こんにちは、Y.Iです。
私にとって2度目のピアノ発表会が2月11日にありました。小学校の教室くらいの会場にスタインウエイのグランドピアノ。
実は前日の土曜日にリハーサルができるというので出かけていきました。本番と同じ会場で同じピアノで練習できます。私が着いた時には先に、同世代(40代半ばくらい)の男性が弾いていました。
お互いに観客になって聴きあいましょうということになって、私の先生とその男性、その方の先生と観客は3名。たったこれだけでも急に緊張してしまいました。いつもの調子とはうって変わって、とちりまくり、途中何度も止まって「こんなはずでは…?」という思いと、その男性はゆっくりではありましたが無難に弾き終わって、あまりのレベル差に落ち込んでしまいました。
聞けばこの教室の発表会はもう6〜7年目の参加だそうで、そういえば昨年「イエスタデイワンスモア」を弾かれたことを思い出しました。以前は男性はその方ひとりだったそうですが、年々増えてきたそうで、今年は私を含めピアノの男性は4名です。
結局、家に帰ってからと翌日の朝と残りの時間で何度も繰り返し練習し、自宅ではこれだけ弾けるのになぜ人前では? という一抹の不安をかかえて本番を迎えました。
午後2時開演、演奏者の年齢は大学生から白髪初老の男女まであわせて25組。はじめバイオリン、ハープ演奏、リコーダー、独唱に合唱と出演者の顔ぶれと構成は昨年とほぼ同じ。ピアノは13人で今回初参加が2名。うち一人はまだ若い男性です。この方がピアノのトップバッターでした。
サザンの「いとしのエリー」を演奏されました。途中までは順調でしたが、後半でパッタリ止まってしまいました。また少し前の所から弾き直されましたがやはり同じ所で止まってしまいます。

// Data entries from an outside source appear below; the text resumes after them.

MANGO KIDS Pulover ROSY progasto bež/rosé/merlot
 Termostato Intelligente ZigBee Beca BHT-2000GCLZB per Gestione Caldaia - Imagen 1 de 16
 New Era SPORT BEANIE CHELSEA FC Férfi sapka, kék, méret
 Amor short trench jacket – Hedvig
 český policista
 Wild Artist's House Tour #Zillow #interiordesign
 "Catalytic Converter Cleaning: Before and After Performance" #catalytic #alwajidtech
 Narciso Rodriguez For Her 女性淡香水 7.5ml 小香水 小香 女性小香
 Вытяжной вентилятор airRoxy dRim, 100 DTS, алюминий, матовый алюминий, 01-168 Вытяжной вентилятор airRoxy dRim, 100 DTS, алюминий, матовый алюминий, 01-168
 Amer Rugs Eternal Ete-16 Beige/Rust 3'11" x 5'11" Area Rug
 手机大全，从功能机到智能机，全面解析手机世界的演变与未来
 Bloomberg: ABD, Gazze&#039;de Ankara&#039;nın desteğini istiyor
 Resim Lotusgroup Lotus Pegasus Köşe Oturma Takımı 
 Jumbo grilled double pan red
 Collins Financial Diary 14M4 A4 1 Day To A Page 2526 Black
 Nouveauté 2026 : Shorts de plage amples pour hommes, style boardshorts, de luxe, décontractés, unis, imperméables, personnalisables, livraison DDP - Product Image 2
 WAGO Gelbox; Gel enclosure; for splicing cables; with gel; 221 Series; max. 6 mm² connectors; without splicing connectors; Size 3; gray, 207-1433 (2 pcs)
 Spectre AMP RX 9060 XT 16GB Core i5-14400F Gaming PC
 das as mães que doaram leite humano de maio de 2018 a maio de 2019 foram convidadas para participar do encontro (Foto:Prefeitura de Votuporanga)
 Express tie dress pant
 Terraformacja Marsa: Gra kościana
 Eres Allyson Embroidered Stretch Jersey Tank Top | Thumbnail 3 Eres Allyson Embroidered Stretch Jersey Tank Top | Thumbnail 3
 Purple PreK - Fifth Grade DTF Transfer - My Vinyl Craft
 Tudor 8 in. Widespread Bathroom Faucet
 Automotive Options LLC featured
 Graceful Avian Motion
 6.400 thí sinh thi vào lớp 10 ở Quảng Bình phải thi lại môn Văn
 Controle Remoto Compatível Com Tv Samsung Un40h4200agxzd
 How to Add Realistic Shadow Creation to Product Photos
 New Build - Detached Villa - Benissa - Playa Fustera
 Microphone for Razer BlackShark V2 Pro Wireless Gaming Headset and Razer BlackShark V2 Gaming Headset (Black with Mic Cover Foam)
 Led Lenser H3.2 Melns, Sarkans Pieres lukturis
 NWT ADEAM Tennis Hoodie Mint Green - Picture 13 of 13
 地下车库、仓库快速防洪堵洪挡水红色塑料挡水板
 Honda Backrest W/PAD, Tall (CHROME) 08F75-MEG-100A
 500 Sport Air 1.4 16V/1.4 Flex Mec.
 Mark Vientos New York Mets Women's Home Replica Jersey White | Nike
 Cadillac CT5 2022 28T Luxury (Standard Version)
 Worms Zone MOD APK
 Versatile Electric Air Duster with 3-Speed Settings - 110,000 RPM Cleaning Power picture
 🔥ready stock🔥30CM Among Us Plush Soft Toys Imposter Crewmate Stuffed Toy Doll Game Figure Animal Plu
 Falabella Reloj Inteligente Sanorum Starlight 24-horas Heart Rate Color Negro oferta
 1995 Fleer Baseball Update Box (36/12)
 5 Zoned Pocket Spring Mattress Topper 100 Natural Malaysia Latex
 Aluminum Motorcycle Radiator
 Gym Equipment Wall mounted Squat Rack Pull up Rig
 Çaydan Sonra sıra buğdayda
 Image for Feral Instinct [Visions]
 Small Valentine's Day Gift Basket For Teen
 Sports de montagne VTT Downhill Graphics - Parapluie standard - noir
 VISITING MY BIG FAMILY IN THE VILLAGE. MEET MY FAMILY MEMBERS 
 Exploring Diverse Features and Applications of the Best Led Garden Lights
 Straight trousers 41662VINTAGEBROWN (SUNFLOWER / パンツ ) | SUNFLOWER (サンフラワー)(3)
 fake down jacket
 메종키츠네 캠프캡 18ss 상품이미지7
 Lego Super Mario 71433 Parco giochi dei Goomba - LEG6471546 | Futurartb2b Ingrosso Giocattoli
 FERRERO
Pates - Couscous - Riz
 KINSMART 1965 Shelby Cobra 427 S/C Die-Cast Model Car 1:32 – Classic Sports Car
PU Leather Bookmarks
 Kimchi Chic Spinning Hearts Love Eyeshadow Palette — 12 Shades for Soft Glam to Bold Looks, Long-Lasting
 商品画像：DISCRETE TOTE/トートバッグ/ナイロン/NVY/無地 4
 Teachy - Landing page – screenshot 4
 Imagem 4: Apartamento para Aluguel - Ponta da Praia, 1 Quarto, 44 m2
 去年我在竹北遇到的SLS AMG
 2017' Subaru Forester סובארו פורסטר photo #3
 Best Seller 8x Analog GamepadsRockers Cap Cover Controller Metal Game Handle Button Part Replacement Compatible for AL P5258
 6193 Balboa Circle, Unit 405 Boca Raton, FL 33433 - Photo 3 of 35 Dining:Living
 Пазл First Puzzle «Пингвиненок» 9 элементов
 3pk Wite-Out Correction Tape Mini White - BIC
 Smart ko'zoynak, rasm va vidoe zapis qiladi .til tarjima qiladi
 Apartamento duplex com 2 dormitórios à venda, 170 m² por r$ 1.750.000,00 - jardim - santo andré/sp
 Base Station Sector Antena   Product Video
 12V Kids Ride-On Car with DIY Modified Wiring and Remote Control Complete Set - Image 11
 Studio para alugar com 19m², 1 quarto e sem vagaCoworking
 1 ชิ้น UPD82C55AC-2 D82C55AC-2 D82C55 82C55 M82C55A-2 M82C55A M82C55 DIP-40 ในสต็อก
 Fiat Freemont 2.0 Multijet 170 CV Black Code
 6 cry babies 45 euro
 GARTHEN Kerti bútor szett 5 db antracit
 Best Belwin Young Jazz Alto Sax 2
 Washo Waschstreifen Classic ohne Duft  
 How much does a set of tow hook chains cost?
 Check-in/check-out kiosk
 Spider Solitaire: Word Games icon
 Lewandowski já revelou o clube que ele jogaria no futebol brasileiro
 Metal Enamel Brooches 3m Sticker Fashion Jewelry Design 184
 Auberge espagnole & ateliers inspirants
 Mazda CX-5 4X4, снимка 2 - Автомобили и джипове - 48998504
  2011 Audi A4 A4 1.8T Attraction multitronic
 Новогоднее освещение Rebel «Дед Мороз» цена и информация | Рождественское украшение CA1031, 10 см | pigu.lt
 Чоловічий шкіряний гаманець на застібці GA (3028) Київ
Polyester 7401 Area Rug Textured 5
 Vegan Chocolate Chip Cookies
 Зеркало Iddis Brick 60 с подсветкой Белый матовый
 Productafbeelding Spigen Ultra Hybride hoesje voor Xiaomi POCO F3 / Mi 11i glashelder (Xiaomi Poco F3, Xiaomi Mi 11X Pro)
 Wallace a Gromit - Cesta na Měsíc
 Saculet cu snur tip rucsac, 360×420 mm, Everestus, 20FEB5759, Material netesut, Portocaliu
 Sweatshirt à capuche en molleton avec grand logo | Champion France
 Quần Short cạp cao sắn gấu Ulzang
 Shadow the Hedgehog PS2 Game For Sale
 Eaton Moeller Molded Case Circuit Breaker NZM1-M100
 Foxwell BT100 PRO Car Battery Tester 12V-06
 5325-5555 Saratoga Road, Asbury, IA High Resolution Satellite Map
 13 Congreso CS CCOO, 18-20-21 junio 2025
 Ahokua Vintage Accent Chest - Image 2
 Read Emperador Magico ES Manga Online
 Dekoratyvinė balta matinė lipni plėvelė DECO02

その時です、会場から誰ともなくハミングが聞こえてきます。必死に音符を思い出そうとする男性に見かねて先生が出て行かれて、最後は先生との連弾でみんなでハミングになりました。ちょっと感動的なシーンでしたね。恥ずかしそうに席に戻る男性に喝采の拍手が送られたことは言うまでもありません。
この方のおかげで会場が和やかになったように感じました。思えば私も昨年は習いはじめて6ヶ月で無謀にも初参加し、手は震え、冷や汗びっしょりでなんとか弾きおえたことを思い出します。
今年はすこしは慣れたとはいえ、やはり自分の順番が近づくにつれ、緊張は高まります。
私の出番は最後から5番目、いよいよ名前と曲が呼ばれました。
「アドロ」、70年代にアルゼンチン出身の歌手グラシエラ・スサーナが日本語で歌って、のちに山口百恵さんがカバーしたことで有名になりました。ボイスレコーダーを持参していたので、録音しました。途中まではなんとか間違うことなく進みましたが、アルペジオを3ヶ所ほど入れますが、この時隣の鍵盤を一緒に押さえてしまうミスを何回かやってしまいました。エンデイングに近いところになって、2度ほど一瞬止まってしまいましたが、そのまま続けて最後のコードを弾き終わってまたアルペジオをゆっくり上がっていって終わります。
後から録音を聞いてみると自分がミスタッチと思ったところはあまり気にならなく、反対に所々妙に強くキーをたたいているところとか、うまく継ないだと思ったところがフッと音が切れているのがはっきりわかったり、弾いている本人と観客の側とでは聞こえる感じが異なることが驚きでした。
まあ前日のリハーサルよりは格段上のできだったので、一応合格点かなと思います。さすがに私の後に登場の方々は皆お上手で、最後の奏者は女子大生でしたが、ショパンのワルツ7番をおそらくノーミスで弾かれて、発表会のトリにふさわしい華やかな雰囲気で終了となりました。
その後に慰労テイーパーテイではお互い悲喜こもごもで、またの再会を約束して解散となりました。昨年ほどの感激には及びませんが、ピアノを続けてきてよかったなとポカポカの日差しに心地よい安堵感を感じながら帰路につきました。
家に着くと家族は出かけていて、後から帰ってきた妻の「どうだった?」の問いかけに興奮気味で「カクカクシカジカ」と話しますが、「フ〜ン」という程度の反応でねぎらいの言葉はありません。しかし、日頃の努力を知っているせいか、文句も言わず下手なピアノの音に我慢してくれる家族にはこちらの方が感謝しなければいけない立場なのかもしれません。
かくして私の2度目の人前ピアノ発表会は終わりました。まだ念願の夜のライブバーデビューは機会がありませんが、レパートリーも次第に増えていますし、あとは場数をこなすことだなあと思っています。まだ当分レッスンも続けますし、クラシック系の曲にもチャレンジしてみたいとも思っています。
稚拙なレベルながらもピアノが弾けるということはなんと幸せなことでしょうか。多くの中年ピアノ弾きが増えることを願いながら、ほかの方の投稿記事を楽しみに待っています。これからもよろしくお願いします。